## PROVIDED DATA
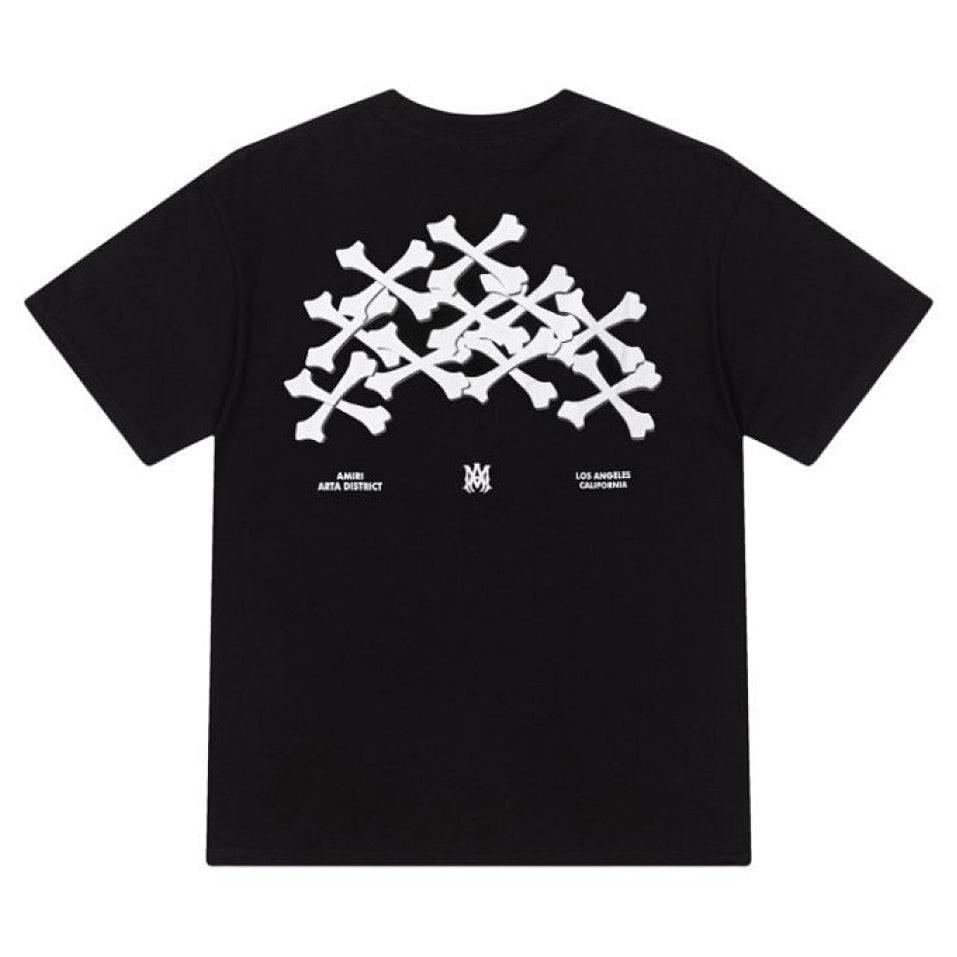 AMIRI Jazz Wolf T-Shirts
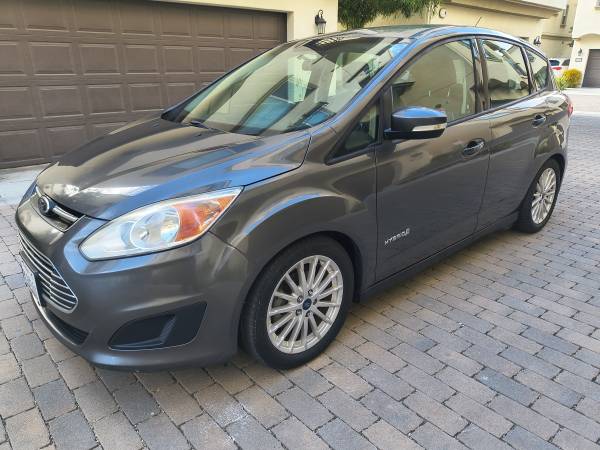 2015 FORD C-MAX HYBRID ONLY 120K MILES 714-477-O311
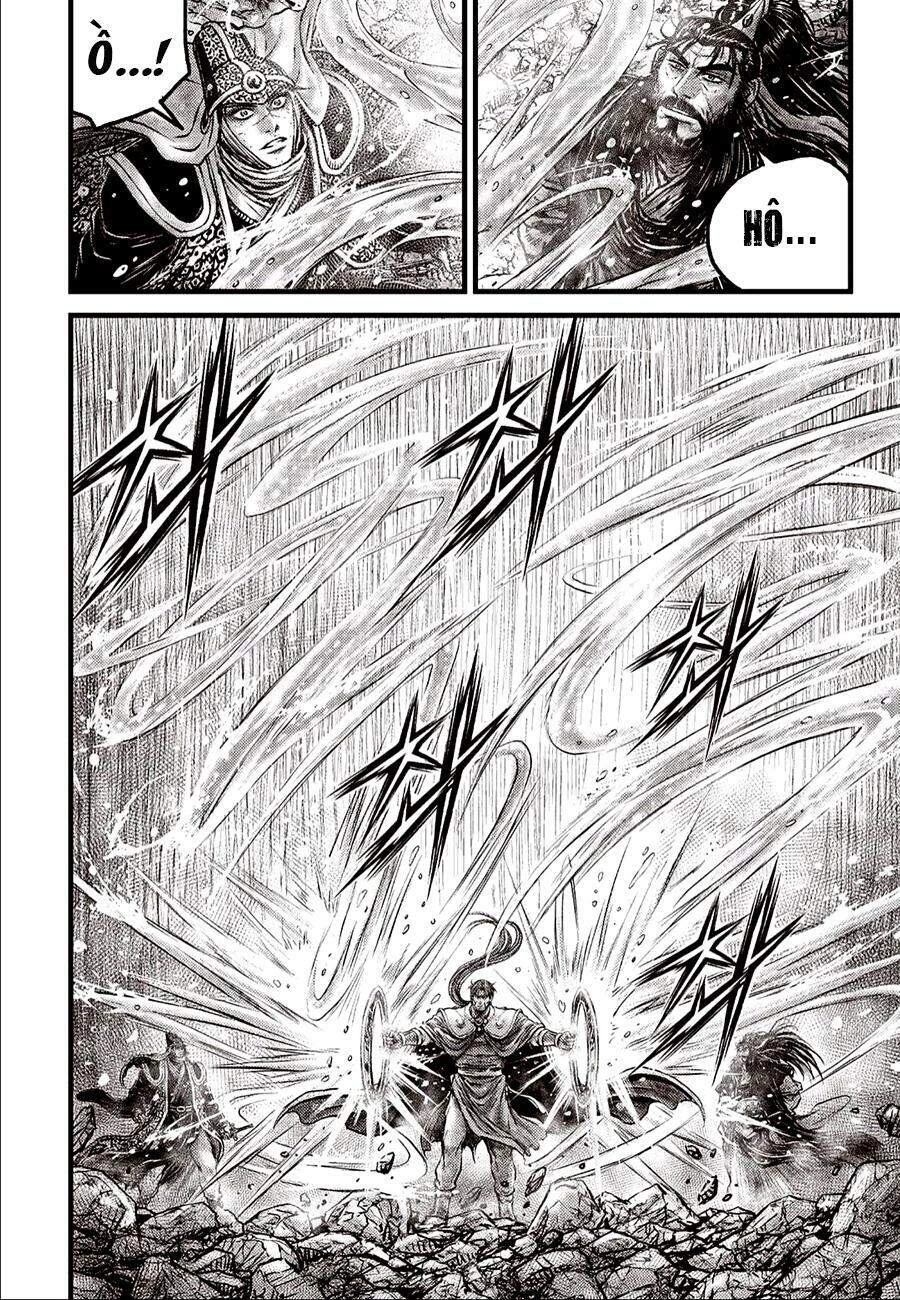 Hiệp Khách Giang Hồ Chapter 620 - 5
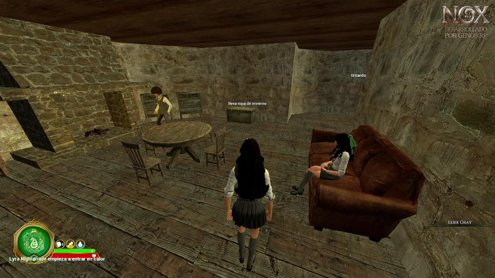 NOX IV | EL DIARIO DE LEXIE GRAY: DÍA 6 📓✒️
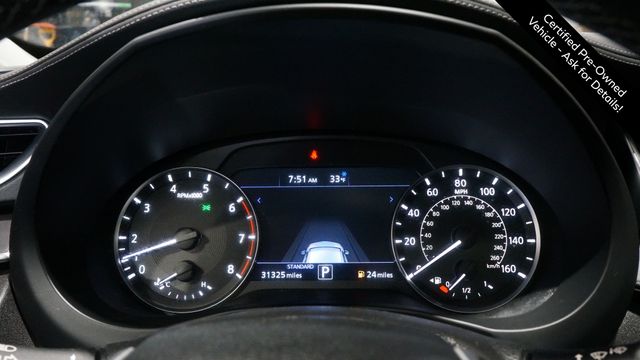 2023 INFINITI QX50 Luxe - Photo 14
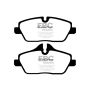 EBC UD1308 14+ BMW i3 Electric Ultimax2 Front Brake Pads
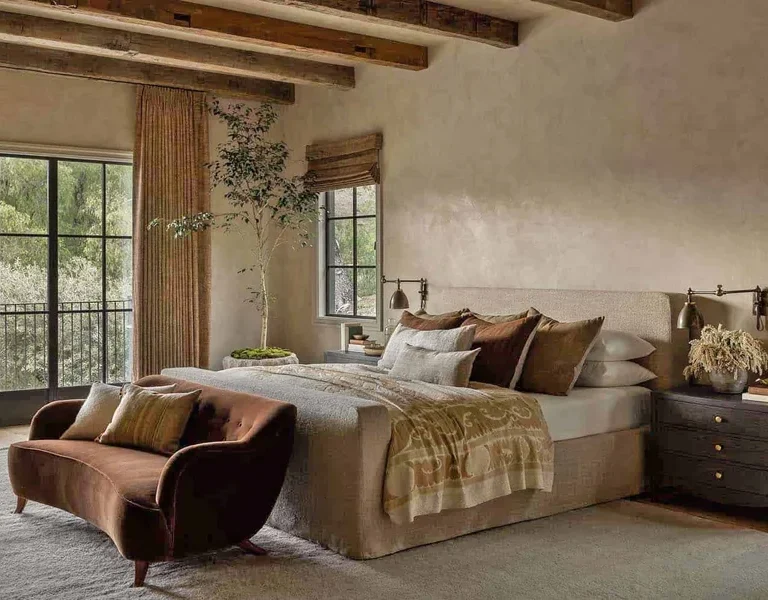 Modern Rustic Bedrooms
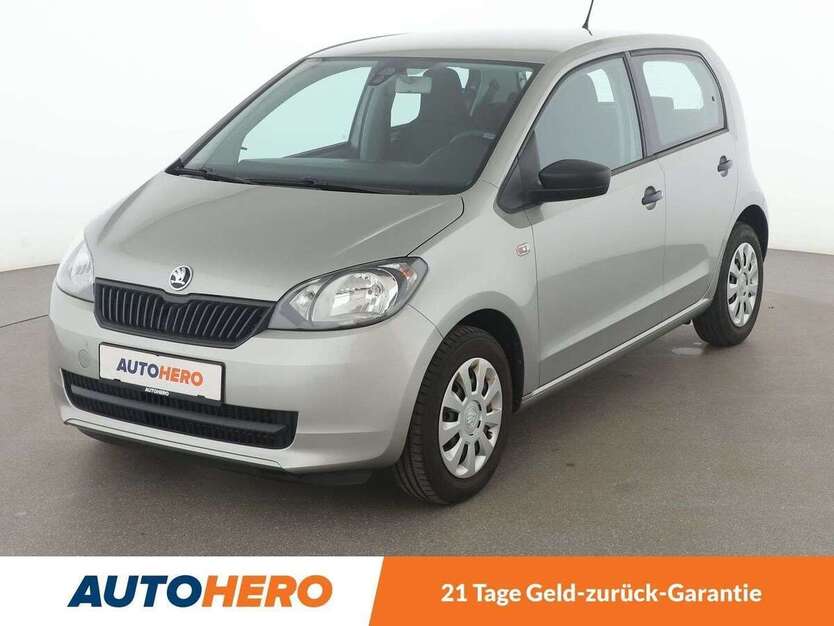 Skoda Citigo 47.346 km 9.030 € Köln 50739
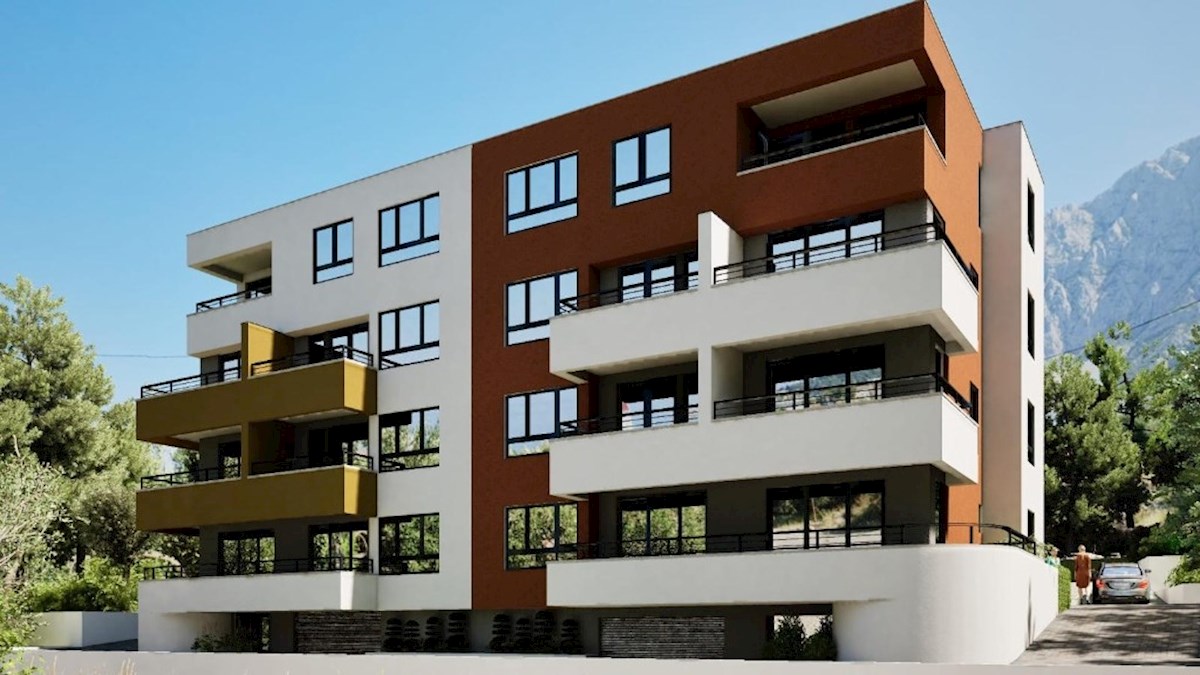 Apartmán Na predaj MAKARSKA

## YOUR GOAL
Exact repetition of the material above is required, with the images removed.

## ANSWER BELOW
 AMIRI Jazz Wolf T-Shirts
 2015 FORD C-MAX HYBRID ONLY 120K MILES 714-477-O311
 Hiệp Khách Giang Hồ Chapter 620 - 5
 NOX IV | EL DIARIO DE LEXIE GRAY: DÍA 6 📓✒️
 2023 INFINITI QX50 Luxe - Photo 14
 EBC UD1308 14+ BMW i3 Electric Ultimax2 Front Brake Pads
 Modern Rustic Bedrooms
 Skoda Citigo 47.346 km 9.030 € Köln 50739
 Apartmán Na predaj MAKARSKA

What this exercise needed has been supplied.